Open Sesame
Dear President Obama,
I thought I should give you an interim report on the progress I am making towards securing a visa to visit your fine country.
As an American citizen yourself, and therefore not needing a visa, you may not be aware that all applications now have to be submitted online.
After Google had steered me towards what I suspect were scam websites (there is a warning about them on the front page of the legitimate website when I finally reached it) a friend intervened and emailed the genuine address. He also volunteered to help, which turned out to be a real blessing.
On the first day, it took one hour to complete an exhaustive and exhausting questionnaire (more on that in a moment). Then came time to upload the photo. Now early on in the process you are asked to select a security question so that in the event there is a halt – whether scheduled or otherwise – the application can resume. The question I selected was the one about the name of the street I lived on when I was eight.
It took us two hours to take, crop and upload a photo that met the technical specifications of the State Department software.

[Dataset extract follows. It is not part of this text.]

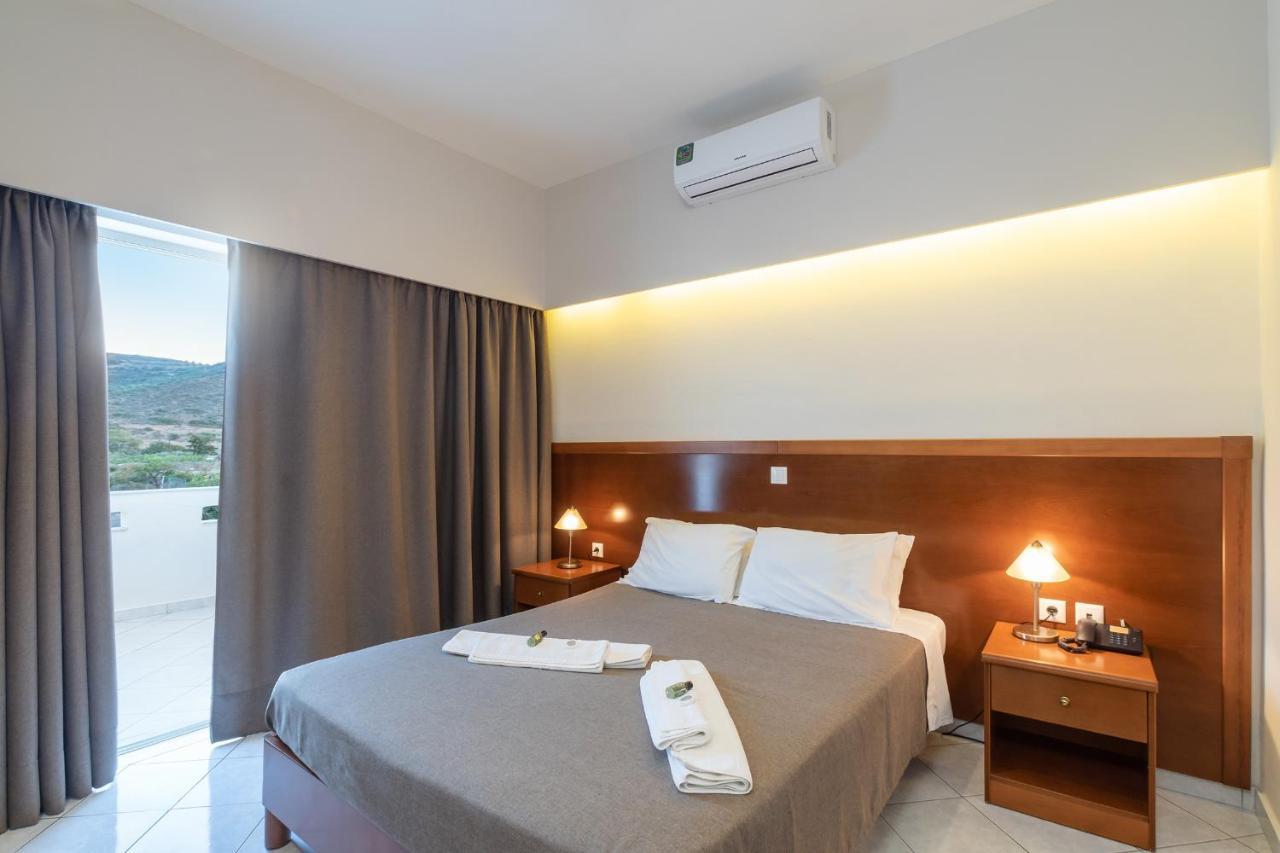 Hiona Hotel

By that time, of course, the application had been halted so we needed to re-enter. Unfortunately the website had no memory of the childhood address, access was denied and the application had to be abandoned. So all we had to show for three hours work was a photograph.
We took the next day off to cool down and resumed on day three. One more hour on the questionnaire, followed by half an hour to upload the photo, then another half an hour waiting for confirmation that the application had been successfully lodged.

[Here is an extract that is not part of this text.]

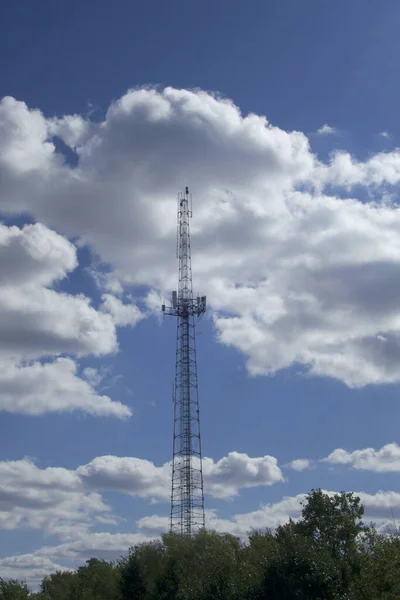 Vertical Torre Telefone Celular Fundo Céu — Fotografia de Stock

On day four I set out to schedule an appointment for an interview at the consulate. All such appointments have to be made – you guessed it – online. In order to make one, the applicant has to go onto a different website and open an account. I would have failed completely here but for the fact that there was a phone number given and a very helpful lady there took pity, created the account and emailed the password. As instructed, I printed out one of the pages and took it to a nearby convenience store to pay the requisite fee. However I could not make an appointment yet, as the convenience store computer needed to talk to the State Department one.
On day five came confirmation that payment had gone through and I managed to make an appointment for interview. Luckily that will be in a month’s time by when I should have calmed down.

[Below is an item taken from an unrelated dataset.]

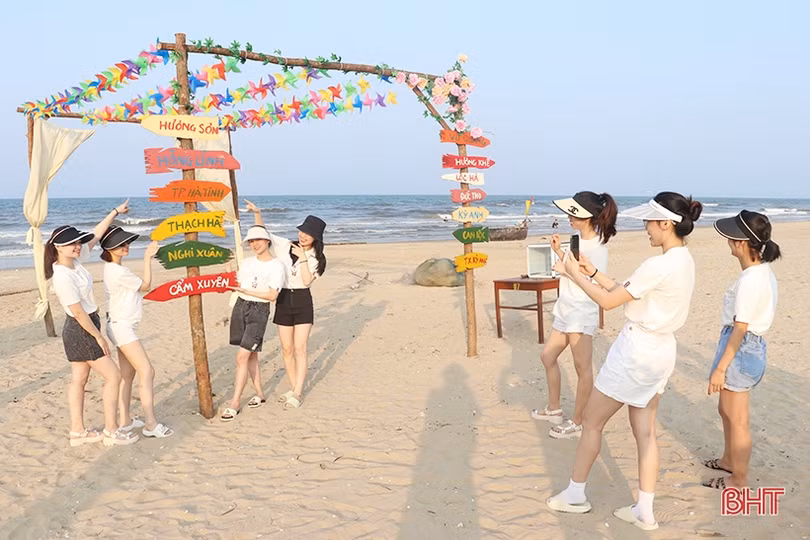 Nhiều điểm check-in đẹp mắt tại bãi biển Thạch Hải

A word about those questions, Mr President. Does anyone ever answer in the affirmative to drug addiction, prostitution, money laundering, human trafficking, espionage, terrorism, genocide, torture, murder, child soldiers, crushing religious freedom, forced abortion and human organ sale? I thought not.
All being well, if I pass the interview you should be seeing me some time in July. But if anything goes wrong, frankly I don’t think I’ll bother to try again. My family members hold passports which are granted a visa waiver. Might I respectfully suggest the same for Hong Kong passport holders?